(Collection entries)
-.-.-

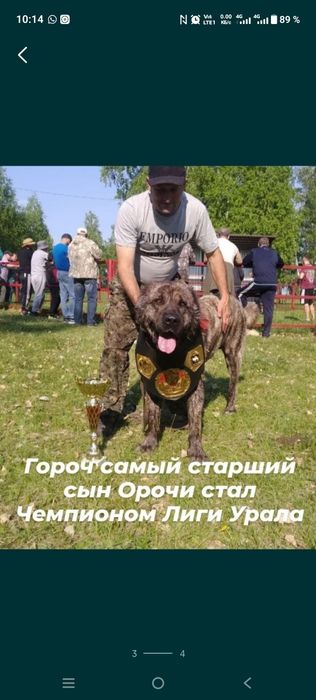 Продам девочку Алабая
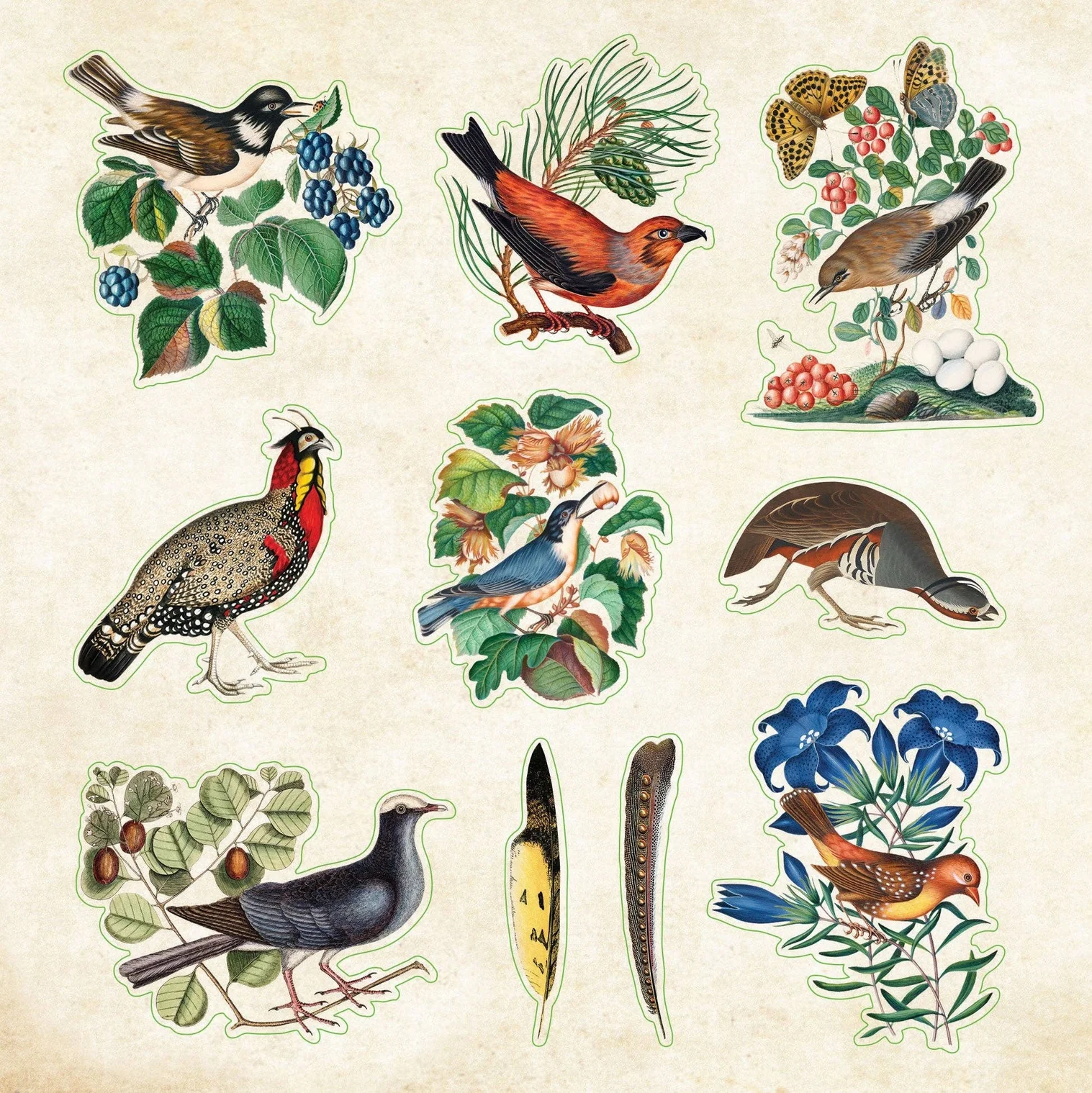 חוברת מדבקות Zoological Ephemera – תמונה 5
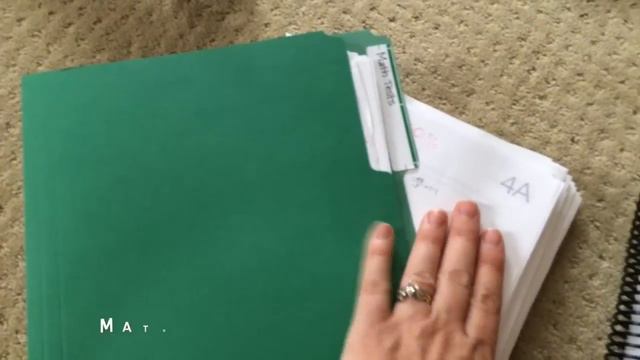 The End of Our School Year & the CURRICULUM We Used!- Plus How I Organize It смотреть онлайн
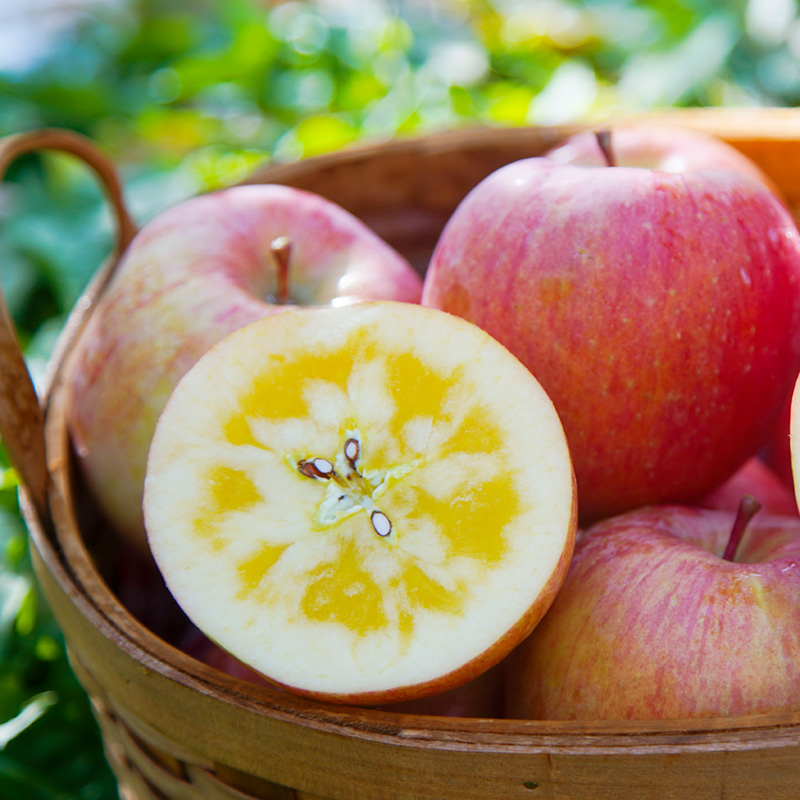 阿克苏冰糖糖心苹果新疆直邮礼盒8斤装小甜心果苹果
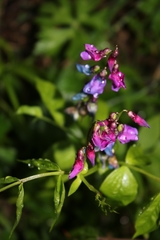 Lathyrus vernus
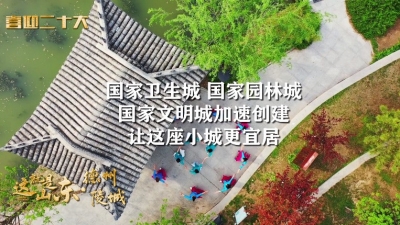 这就是山东丨这十年这十秒·陵城区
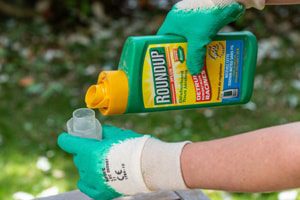 Canadian Lawsuits Allege Glyphosate Caused non-Hodgkin’s Lymphoma
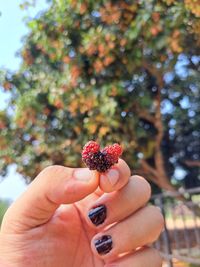 Cropped hand holding flower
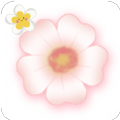 小花花阅读器软件 v6.6.6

-.-.-

◆ EXERCISE BRIEF:
Write out again the lines from the one with "Canadian Lawsuits Allege" through the end of the records exactly, without any of the pictures.

◆ SOLUTION:
 Canadian Lawsuits Allege Glyphosate Caused non-Hodgkin’s Lymphoma
 Cropped hand holding flower
 小花花阅读器软件 v6.6.6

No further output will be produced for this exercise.